BBC Knowledge, the "learning" channel, is planned to become BBC Four. The corporation describes this as an "uncompromisingly intellectual" channel which will combine elements of BBC Radio Three, Radio Four and the current BBC Two. The fifth channel will be the rolling news network BBC News 24. This will be complemented by the existing BBC Parliament channel which broadcasts the workings of Westminster. The third and fourth channels will be given over during the day to two services aimed at children of different age groups. The exact nature of the plans for these channels is unclear but the BBC says that it wants to create original British content, free of advertising and "an alternative to American content" that dominates the genre.
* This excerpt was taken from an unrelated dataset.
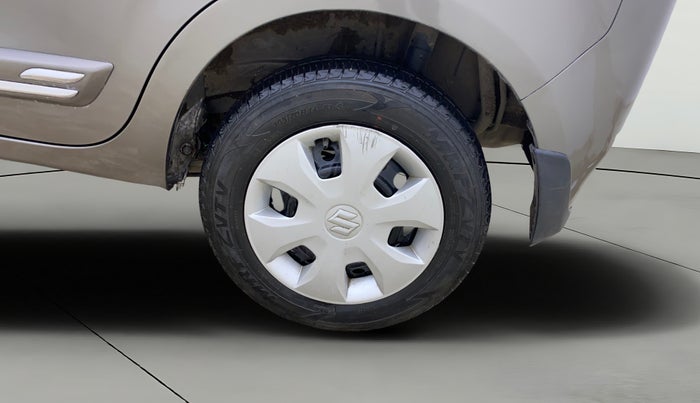 2021 Maruti New Wagon-R VXI 1.0, Petrol, Manual, 39,898 km, Left Rear Wheel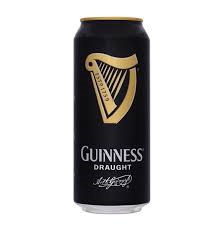 Guinness Draught Cans 440ml-24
Plans trailed Mr Dyke's plans for a multi-channel BBC were first mooted at the Banff Television festival in Canada in June this year.
"Right now at the BBC, we're engaged in a fundamental review of our TV networks, the most far-reaching and challenging we've ever undertaken," he said. "The object is to create a suite of channels which live up to the ideals which the BBC was created to promote, but which also make sense in modern digital homes." He said that BBC radio had solved the problem in the 1960s by creating Radio 1, 2, 3, and 4. With the launch of the news and sport BBC Radio 5Live in the 1990s, the BBC has met the needs of all licence fee payers, he said. "If we can find the funds, and if we can convince the BBC's governors and the wider world that it's the right idea ... we should devote an entire digital channel to serious music and the arts, and to the world of ideas, in science, politics and philosophy." 'Bluechip channel' And speaking in a BBC Online live chat forum in August, the controller of BBC One Peter Salmon set out the argument for a multi-channel BBC. "We've got to prepare for the digital age," he said.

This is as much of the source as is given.